The executive also noted that the company has asked its regulator over the past 12 months for permission to buy back shares, but has not received approval to do so.
Block's shares fell 3.4 percent in after-market trading.
The nation's largest tax prep company benefited in the latest quarter from growth in tax services revenue, primarily from its operations in Australia. Growth in revenue from products and interest income helped drive overall revenue 32 percent higher in the quarter.
But those gains were offset by operating expenses, which grew 14 percent due to higher variable costs, foreign exchange currency losses, higher legal fees and costs related to the company's divestiture of its banking unit.
Block agreed in July to sell its H&R Block Bank assets to Republic Bank and Trust Co. After the deal is complete, H&R Block Bank will close by surrendering its charter.
Republic has an application filed with regulators to convert into a national bank, but doesn't anticipate it will receive a decision before the end of this month.
As a result, Block said it expects to continue offering financial services through H&R Block Bank in the upcoming tax season.

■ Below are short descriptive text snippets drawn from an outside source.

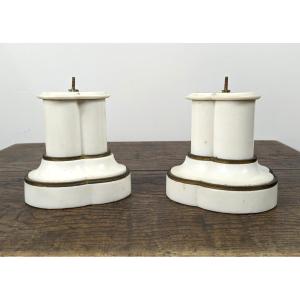 Pair Of White Marble Pedestals, Romantic Period 1820/40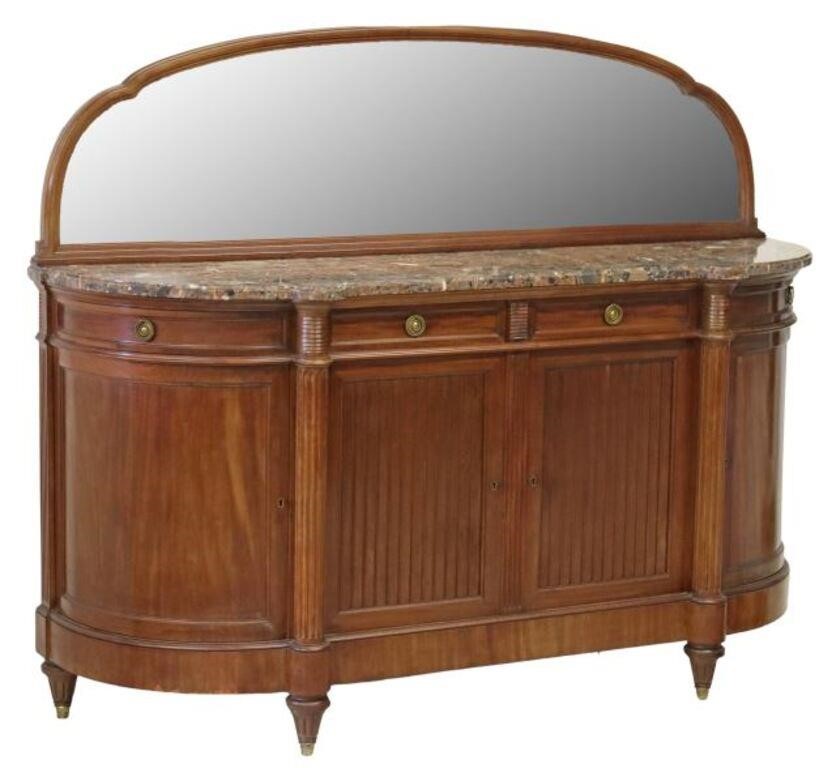 Appraisal: FRENCH LOUIS XVI STYLE MAHOGANY MIRRORED SIDEBOARDFrench Louis XVI style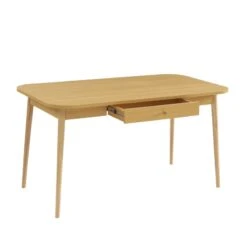 Table à Manger MACARON Effet Chêne Avec Tiroir -Mobilia Soldes table a manger macaron effet chene avec tiroir 5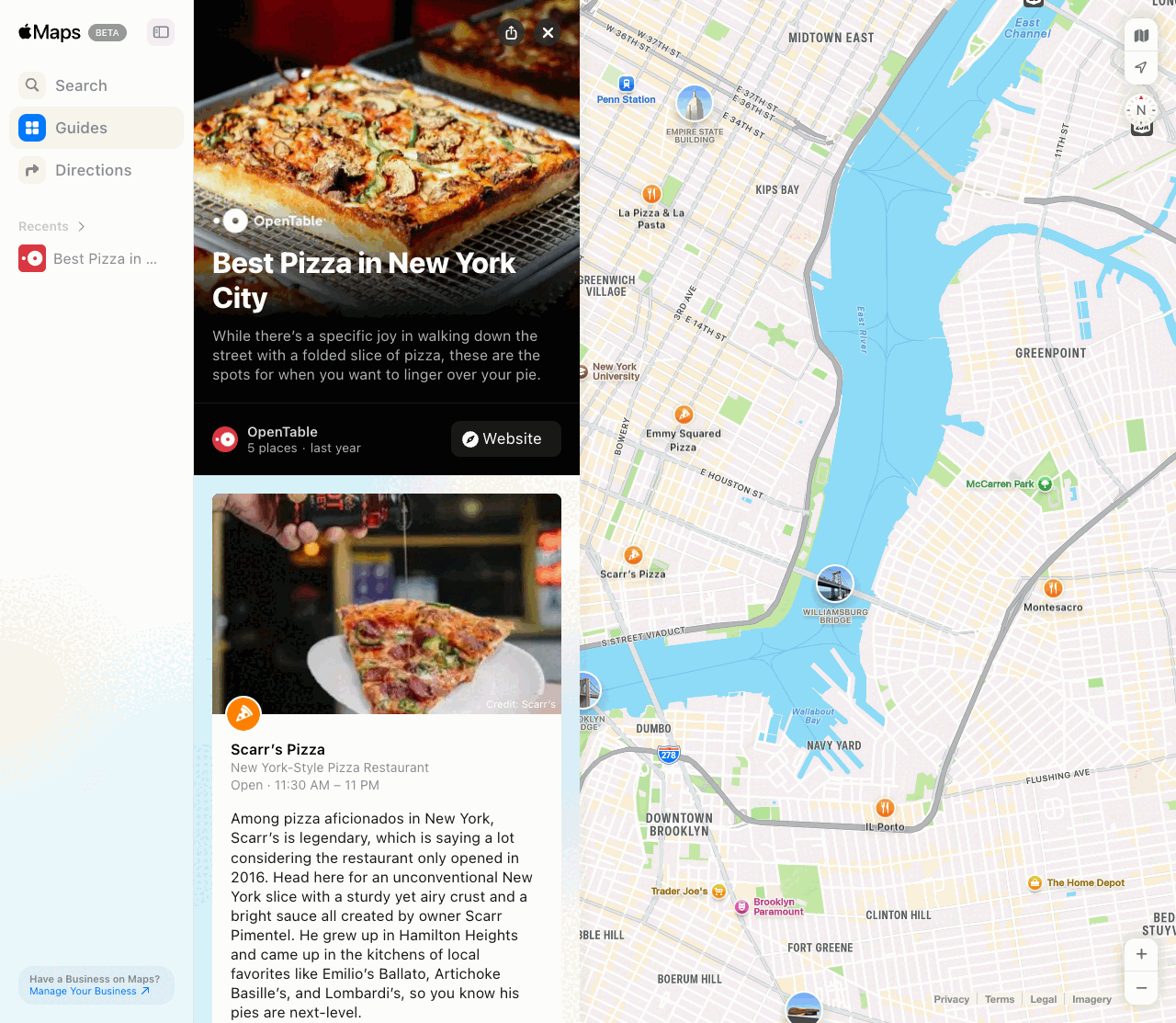 Apple Maps Guides API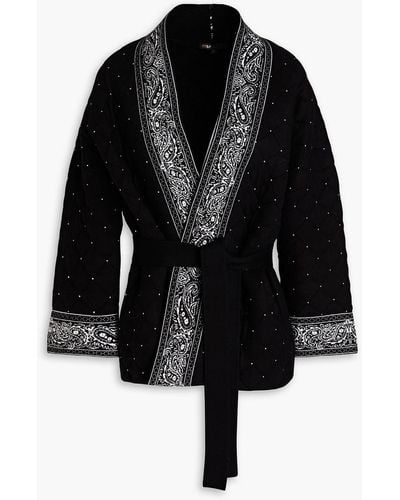 Maje Quilted Studded Paisley-print Knitted Jacket - Black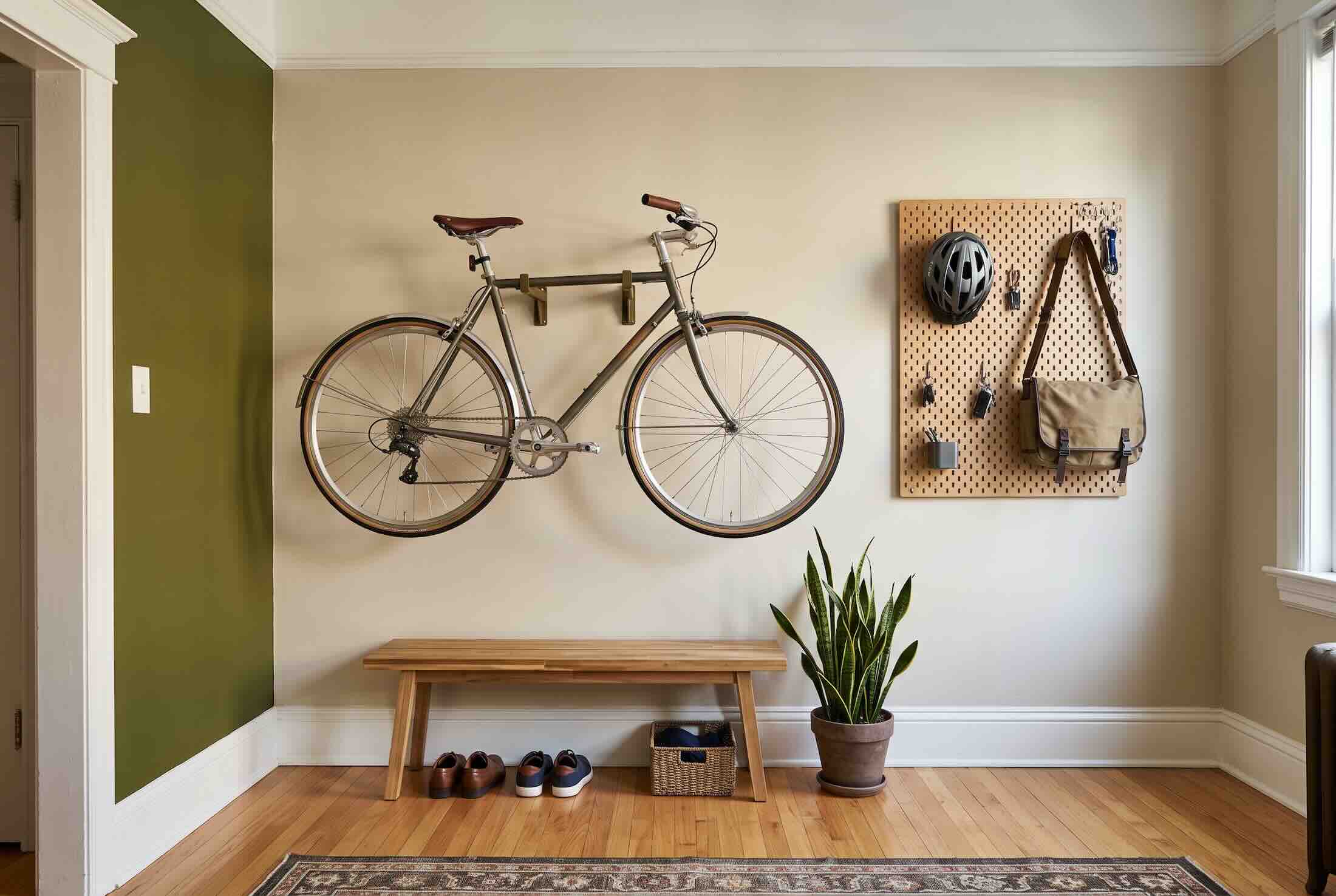 A bicycle and a wooden pegboard holding gear mounted on a wall above a wooden bench.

"Though we are disappointed in this development, we are prepared for it," Cobb said, adding that the company remains focused on exiting the bank business.
While still aiming to leave banking, H&R Block plans to enter another business: providing assistance to customers looking to enroll into state health insurance exchanges due to open Oct. 1.
The exchanges, part of the federal Affordable Care Act, are designed to make it easier to obtain in health insurance.
Starting next year, the Internal Revenue Service will begin enforcing a requirement that most people have health insurance or face fines.
Block has inked a deal with online insurance company GoHealth to provide Block customers with the option of buying health insurance online. It also plans to launch a pilot program with licensed insurance agents at H&R Block offices in Arizona.
Cobb said that the health care insurance business will cut into Block's earnings by between 3 cents and 4 cents per share in fiscal 2014.
H&R Block reported Tuesday that it recorded a loss of $115.2 million, or 42 cents per share, for the quarter ended July 31. That compares with a loss of $107.4 million, or 39 cents per share, last year.
Excluding the impact of fees related to the proposed sale of its banking arm, Block's adjusted loss amounted to 40 cents per share, the company said.
Analysts polled by FactSet, on average, anticipated an adjusted loss of 37 cents per share.
Revenue increased 32 percent to $127.2 million, from $96.5 million.
Analysts had forecast $100 million in revenue.
Shares in H&R Block ended regular trading down 3 cents at $27.88. The stock fell 98 cents to $26.92 in after-market trading.